Ambientada en la gris Wisconsin de mediados del siglo XX, la producción retrata la vida de Ed Gein, un granjero solitario que, tras la muerte de su madre, comenzó a profanar tumbas y crear macabros objetos con restos humanos. La serie se mueve entre el thriller psicológico y el drama rural, retratando un entorno opresivo marcado por la represión, la culpa y el fanatismo religioso.
La interpretación del protagonista (cuya actuación destaca por su contención y humanidad inquietante) evita el morbo gratuito: en lugar de mostrar explícitamente la violencia, Murphy elige sugerirla a través del ambiente, la fotografía y el sonido. Esa decisión estética potencia la incomodidad del espectador, pues el verdadero terror no está en lo que se ve, sino en lo que se intuye.
“Monstruo” también abre un debate sobre cómo se construye la figura del serial killer en los medios. La serie denuncia el morbo colectivo y el consumo mediático del crimen, mostrando cómo las tragedias reales se transforman en entretenimiento. En ese sentido, se percibe una evolución respecto a Dahmer: hay una mayor distancia crítica y un énfasis en la víctima, el contexto y la enfermedad mental.

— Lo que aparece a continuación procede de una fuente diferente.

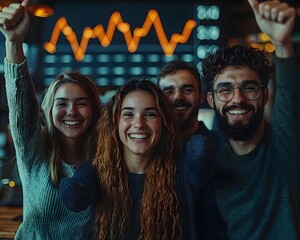 Young professionals cheering in celeb n behind a rising financial chart embodying business success and optimism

Visualmente, la serie apuesta por una estética sombría y minimalista, con tonos fríos, planos prolongados y una banda sonora que mezcla el silencio rural con disonancias casi rituales. Todo contribuye a la sensación de aislamiento y deterioro, elementos clave para entender la fractura mental del personaje.
En conjunto, “Monstruo: la historia de Ed Gein” no sólo funciona como un retrato del horror individual, sino como una radiografía de la América reprimida de los años 50, donde la religión, la soledad y la violencia doméstica formaban un caldo de cultivo para la monstruosidad. Es una serie incómoda, contenida y profundamente atmosférica, que demuestra que el terror más perturbador sigue siendo el que nace de lo humano.